---------- Provided information

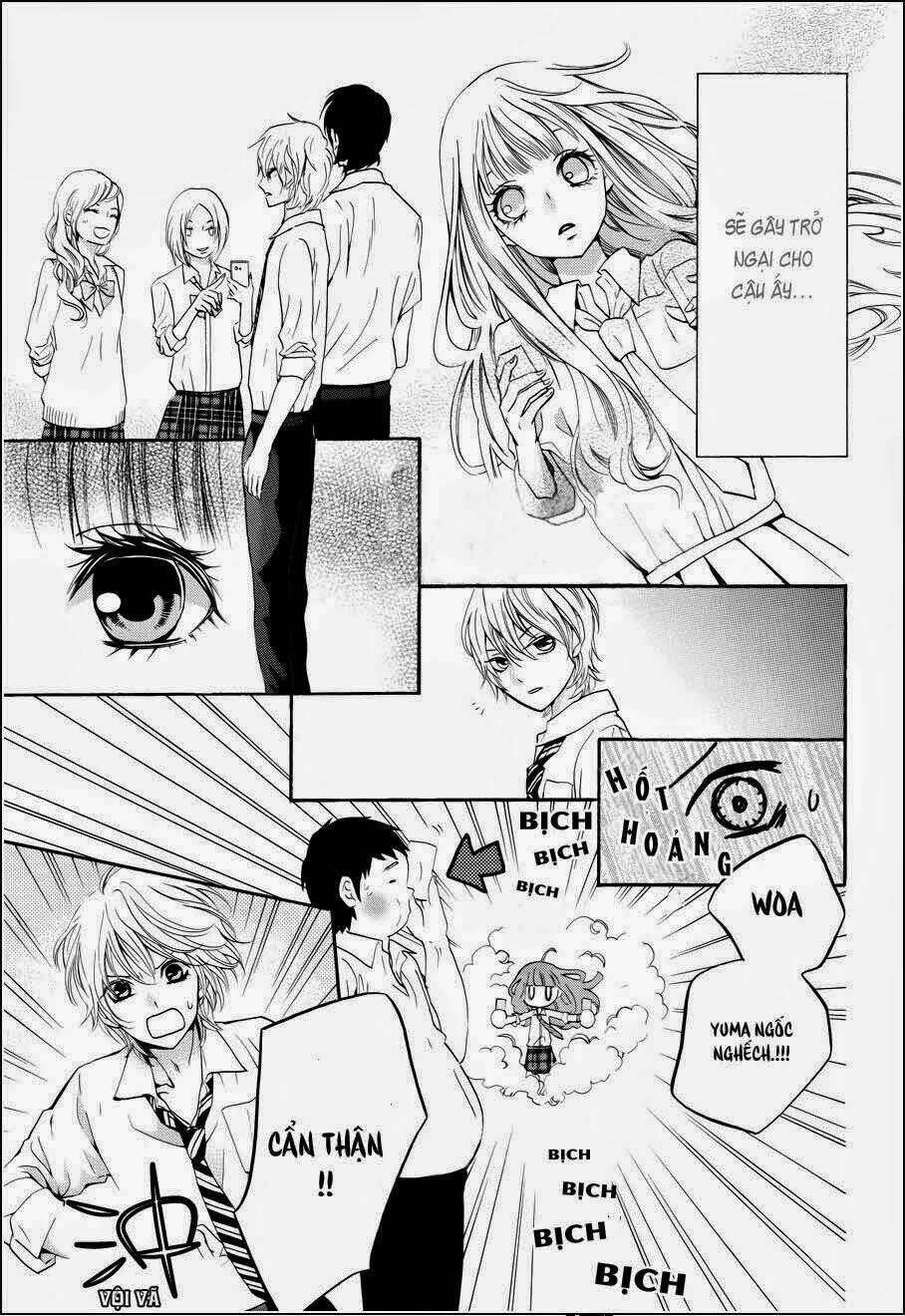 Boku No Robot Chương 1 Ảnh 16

--------------------
---------- Provided information

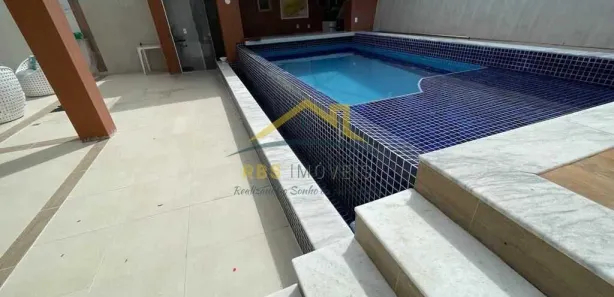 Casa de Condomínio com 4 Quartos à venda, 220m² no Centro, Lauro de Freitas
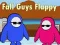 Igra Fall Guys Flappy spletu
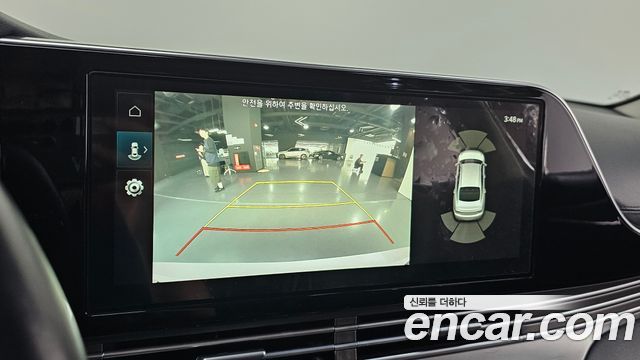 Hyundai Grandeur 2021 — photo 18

--------------------
---------- Provided information

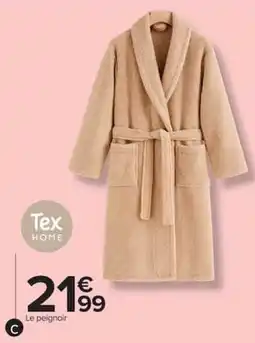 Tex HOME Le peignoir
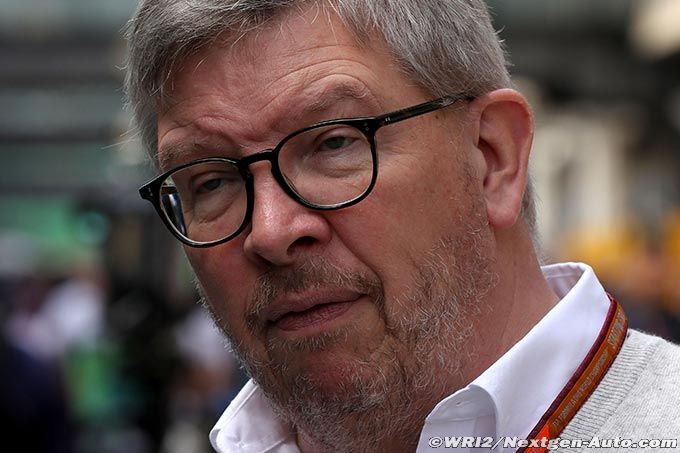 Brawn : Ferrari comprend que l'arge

--------------------

=== Assignment ===
Output exactly the lines of the listing above that start with the one holding "Tex HOME Le peignoir" and go on through the one holding "Brawn : Ferrari comprend que l'arge"; leave the pictures out.

=== Result below ===
 Tex HOME Le peignoir
 Brawn : Ferrari comprend que l'arge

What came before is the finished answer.